:: DATASET SECTION
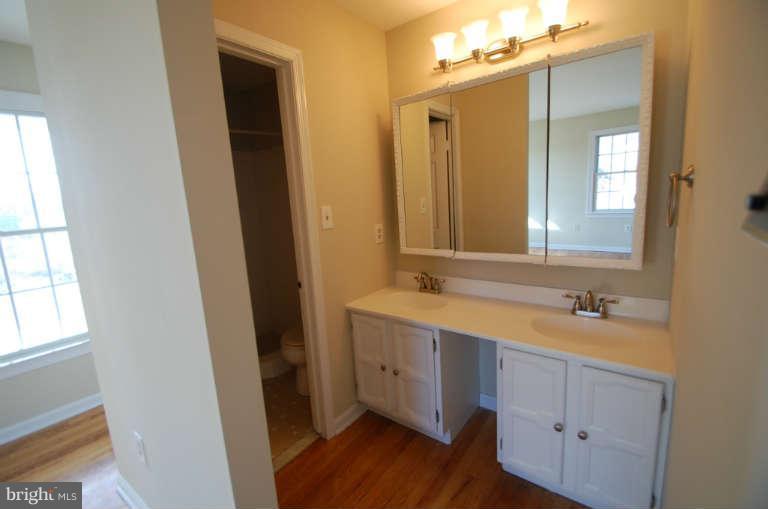 1904 Ednor Road Silver Spring, MD 20905 - Photo 15 of 30 a bathroom with a double vanity sink and mirror with window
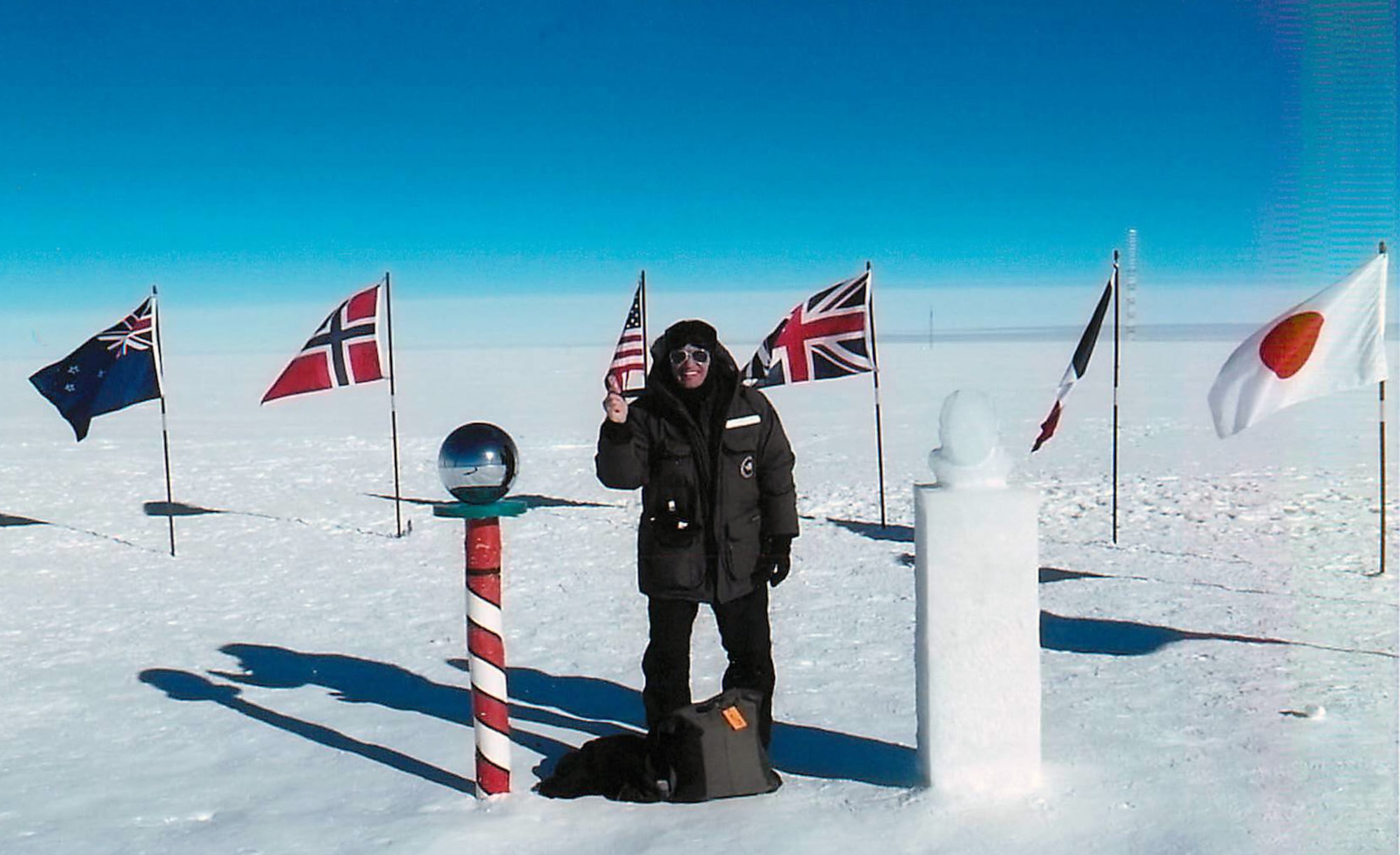 Master Sgt. Scott Terra, 728th Airlift Squadron, Joint Base Lewis-McChord, Wash.,  stands in between the ceremonial South Pole and an ice sculpture of Roald Amundsen, the first human to reach the geographic South Pole.  Terra, a loadmaster, served in an administrative position supporting the 109th Airlift Wing, New York Air National Guard.  His position was part of an effort to expose C-17 Airmen to the LC-130 mission in Operation Deep Freeze. (Courtesy photo)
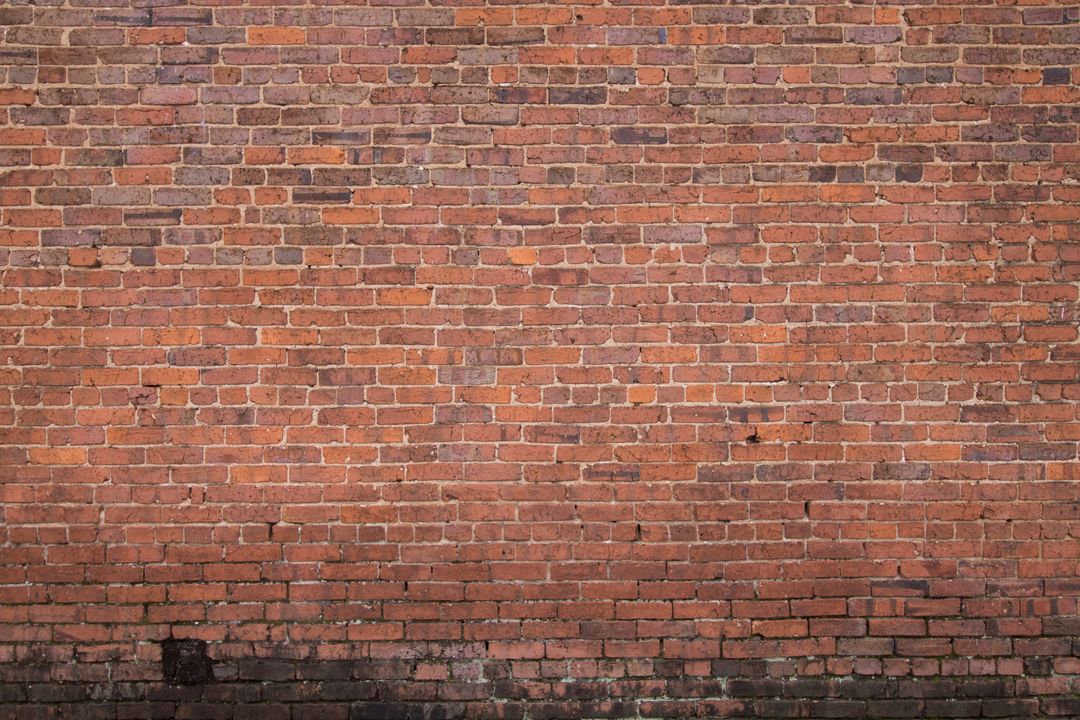 Plain aged red brick wall background with weathered texture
::::
• **REQUIRED ACTION**
Please restate the data word for word, leaving out any picture it holds.

• **SOLUTION TO THIS PROBLEM**
 1904 Ednor Road Silver Spring, MD 20905 - Photo 15 of 30 a bathroom with a double vanity sink and mirror with window
 Master Sgt. Scott Terra, 728th Airlift Squadron, Joint Base Lewis-McChord, Wash.,  stands in between the ceremonial South Pole and an ice sculpture of Roald Amundsen, the first human to reach the geographic South Pole.  Terra, a loadmaster, served in an administrative position supporting the 109th Airlift Wing, New York Air National Guard.  His position was part of an effort to expose C-17 Airmen to the LC-130 mission in Operation Deep Freeze. (Courtesy photo)
 Plain aged red brick wall background with weathered texture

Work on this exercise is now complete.